ちょっと分析のフレームワークは、飛ばさせていただきたいと思います。ここでは何を説明しているかというと、やはり訓練の効果と、訓練によって生産性が上がったと言われても、にわかには信じがたいわけですね。もちろん、もともとその人が持っている基礎的な能力・学力であったり、その仕事に対する勤勉さ、性格的なもの、そういったものの要因が大きいんじゃないかというような批判は当然出てくるわけです。なので、そういった恐れを排除する、そして、能力とか、仕事に対する意欲とか、そうしたものを排除するために、テクニカルにどういう工夫をしているかということを説明していますが、その部分はちょっと抜かせていただきます。

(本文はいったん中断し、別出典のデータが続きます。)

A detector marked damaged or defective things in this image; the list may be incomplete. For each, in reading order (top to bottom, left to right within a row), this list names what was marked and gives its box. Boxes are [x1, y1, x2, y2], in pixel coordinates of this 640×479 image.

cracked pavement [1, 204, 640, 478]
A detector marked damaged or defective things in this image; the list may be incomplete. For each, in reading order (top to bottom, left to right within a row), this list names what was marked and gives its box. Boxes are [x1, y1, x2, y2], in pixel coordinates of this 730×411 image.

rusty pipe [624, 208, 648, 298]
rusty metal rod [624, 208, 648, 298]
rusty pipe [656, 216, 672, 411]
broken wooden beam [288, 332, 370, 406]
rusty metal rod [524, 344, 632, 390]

なので、スライドとしては31ページ目をごらんください。これは仕事能力についてのOJTとOff−JT受講の効果を見たものですが、やはりOJTを数多く、これも先ほどと同じように見ます。*が右側についていて、プラスの数値の場合、その人たちの仕事能力が上がったというふうに見ます。そうしますと、やはりOJTをたくさん受けた人のほうが仕事能力が上がっていますし、また、個別の要因を見ても、人から学ぶ、参加して学ぶということ、あと、仕事に役立つ情報を共有するということが、やはり仕事能力を上げることに役立っているということです。あと、こちらの(9)、(10)はOff−JTの効果を見たものですが、2007年度だけでも、あと、それ以前を見ても、やはりOff−JTを受けた人は、仕事能力が上がっているということが確認されました。

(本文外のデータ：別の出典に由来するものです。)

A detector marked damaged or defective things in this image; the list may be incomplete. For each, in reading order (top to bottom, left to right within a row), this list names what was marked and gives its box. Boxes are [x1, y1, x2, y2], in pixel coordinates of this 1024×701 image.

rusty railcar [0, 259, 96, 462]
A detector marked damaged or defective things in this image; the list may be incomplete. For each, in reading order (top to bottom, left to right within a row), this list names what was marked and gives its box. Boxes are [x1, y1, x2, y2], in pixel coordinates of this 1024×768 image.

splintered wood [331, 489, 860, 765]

あと、生産性の変化に対しての結果も、ほぼ同じように出ています。32ページに仕事のレベルについてのみの結果を掲載していますが、訓練、OJTを数多く受けている人、また、個別の要素でも受けている人というのがやはり生産性が高まっているようです。Off−JTについても、同じように受講した人というのは生産性が高まっているということが確認されました。

では肝心の賃金はどうかということになります。33ページで、非正社員の結果を見たのが(1)~(4)のところになりますが、ここではOJTの賃金への効果を見ています。ここでは2007年と2008年に、同じ勤務先にいて、かつ非正社員のままの人ですね。非正社員の人が、非正社員のときに受けた訓練が、同じ企業で正社員として働き続けたときも賃金が上がるのかということを見るために、そうした分析対象を区切っています。そういうのを見ると、もう全く*がついていないことからもわかりますように、OJTは、賃金の上昇には効果がないんですね。ただ、一方、正社員についての分析の結果を見ていただくと、正社員については、ぽつぽつアスタリスクがついてくることからもわかりますように、Off−JTについてもやはり効果があるようなんですね。ここが、非正社員の人たちとはちょっと結果が違うということになります。

ただ、先ほどはずうっと非正社員だった人に限定したわけですけれども、そうではなくて、2007年に非正社員だったけれども、2008年には他の企業に移ったり、または正社員になった人たちもいるわけで、そういう人たちにも分析の対象を広げた分析をしてみると、34ページですが、賃金上昇率というのには、やはりOJTは効果がないわけですね。ただ、正社員になれたかどうなのかということなのですが、それを見ると、OJTを数多く受けた人は、正社員になる確率が上がっているんですね。なので、賃金に対する効果というのはないようですけれども、正社員への転換という意味ではどうも効果があるようです。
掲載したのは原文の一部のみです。